Getting 'Morning-After Pill' Not Always Easy
The cost of the emergency contraceptives included flat fees ranging from free to $220 and sliding scale systems that discounted fees for students and ranged from free to $54.
Trussell and colleagues say that wider access to emergency contraception services is needed, particularly on weekends and holidays when offices are closed. They suggest backup systems, such as information left on voice mail or with answering services, and collaboration with pharmacies. Washington state, for instance, allows pharmacists to prescribe emergency contraceptives to women without seeing a clinician. Trussell and colleagues say that providers themselves should consider over-the-phone prescribing. In the study, only 12 providers offered a telephone prescription.
"There are lots of ways to make access to contraceptives easier," Trussell says. "We ought to be eliminating as many barriers as possible."
A spokesperson for Planned Parenthood Federation of America tells WebMD that 47 of its 132 affiliates nationwide prescribe emergency contraception over the phone. When a woman calls asking about emergency contraception, she is asked questions that include when her last menstrual period was, whether she has ever had problems taking estrogen, and whether there is a history of blood clots in her family. Preven, the most common type of emergency contraceptive, contains estrogen, which can increase the risk of blood clots in some women. An alternative progestin-only pill, known as Plan B, can be prescribed if a woman cannot take estrogen. The caller is also asked for the name and phone number of a local pharmacy and pharmacist, and given information about potential side effects, such as nausea and severe headache.
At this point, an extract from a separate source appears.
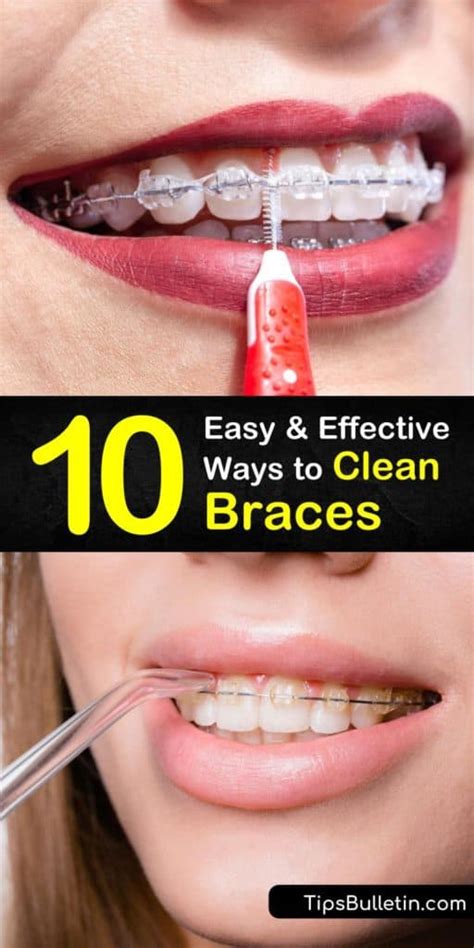 easy  effective ways  clean braces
About half of the Planned Parenthood affiliates offer a "standing" prescription for emergency contraception for established clients, meaning a woman who has already used emergency contraception is given a refillable prescription that allows her to get the pills without having to see her doctor. Some individual physicians offer this option, also. Another method is a preventive prescription for a supply of emergency contraception that a woman can keep at home or in her handbag.
- Emergency contraception, or the morning-after pill, can prevent pregnancy when taken within 72 hours of unprotected sex, but it may be difficult to obtain.
- In a recent study, 25% of attempts to get a prescription for emergency contraception failed.
- To make this treatment more available, physicians can prescribe the drug over the phone, prescribe it in advance, and establish back-up systems with answering services and pharmacies.